The NAO report looked at concerns about dropout rates at private colleges, claims for Student Loans Company funding from non-UK European Union students at private colleges who were ineligible, and the fact that some students had received SLC funding without being registered on HN courses with Pearson.
Ms Hodge described the NAO report as “one of the most shocking reports I’ve read”, adding: “We will come back to it before the election.”
Going on to call the private provider situation a “complete scandal”, Ms Hodge said the Higher Education Funding Council for England had warned BIS about the potential for problems in 2010.
She asked Mr Donnelly to provide a combined figure for public money “not being used for the purpose that was intended” at private colleges, covering students dropping out and fraud.
Mr Donnelly said there was no such figure available.
“You are accountable for this money not being spent for the purposes it was intended,” Ms Hodge told him.
She continued that it was “appalling that you allowed all this policy to start without putting checks and balances in place”.
Asked why BIS had gone ahead with the private providers policy despite the risks, Mr Donnelly said: “Ministers were clear they wanted to offer the alternative provider sector space…in which to grow and there was funding available to do that.”
He conceded: “We did not know what was going to happen.”
Mr Donnelly went on to say the growth in student numbers at private colleges was “frankly much greater than we expected. We didn’t know what to expect.”
When the private college expansion became “financially difficult to sustain”, 23 private colleges had their designation suspended in November 2013, he added.
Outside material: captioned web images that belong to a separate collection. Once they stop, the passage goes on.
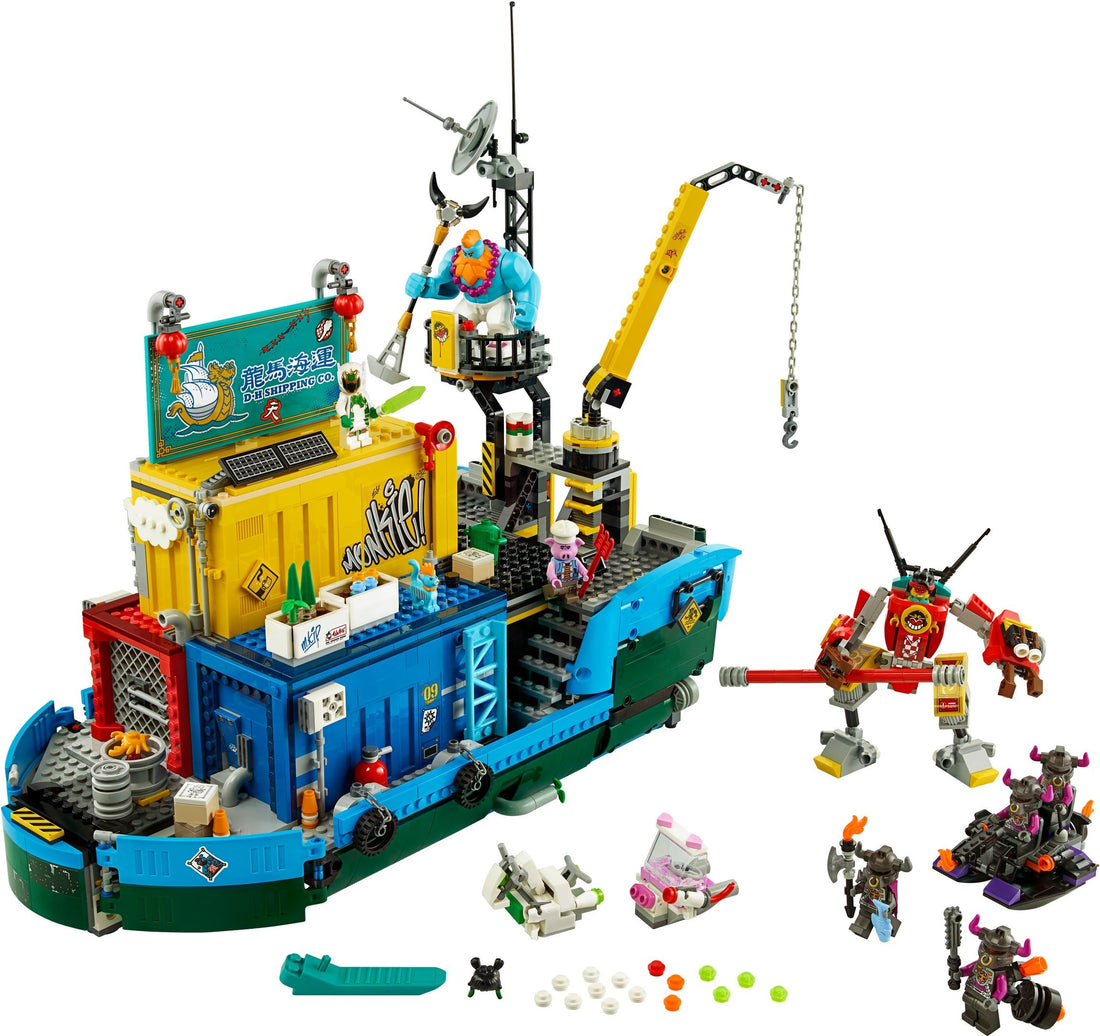 LEGO Monkie Kid's Team Secret HQ 80013 sealed box art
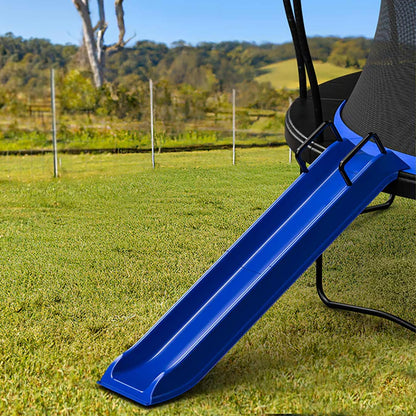 SpaceJump Rocket Slide Trampoline Attachment, Outdoor Playground Accessory, Blue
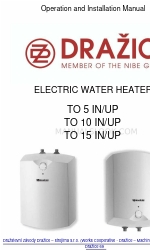 Drazice TO 15 UP Operation And Installation Manual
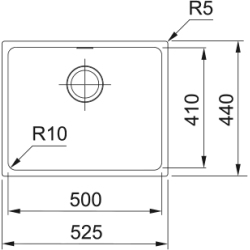 Zlewozmywak Sirius SID 110-50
Ms Hodge said the fact that 50 per cent of growth in student numbers under the coalition had been in five colleges was a “complete red flag”.
She described herself as “gobsmacked”, telling Mr Donnelly there were “so many indicators and you ignored the ruddy lot of them”.
Mr Donnelly said the government “chose not to legislate” on higher education regulation, which would have addressed some of the problems.
He said it would be “very helpful to have such legislation as early as possible in the new Parliament”.
Stewart Jackson, a Tory MP, told Mr Donnelly he “should have been pulling your finger out a bit earlier than this”, accusing him of giving the committee “a lot of old flannel and gobbledegook”.
At one point, Mr Donnelly referred to “protecting the taxpayer”. Ms Hodge responded: “Protecting the taxpayer! My God!”
Closing the hearing, Ms Hodge said the situation was “nothing short of a scandal” and said the PAC would return to the issue in March.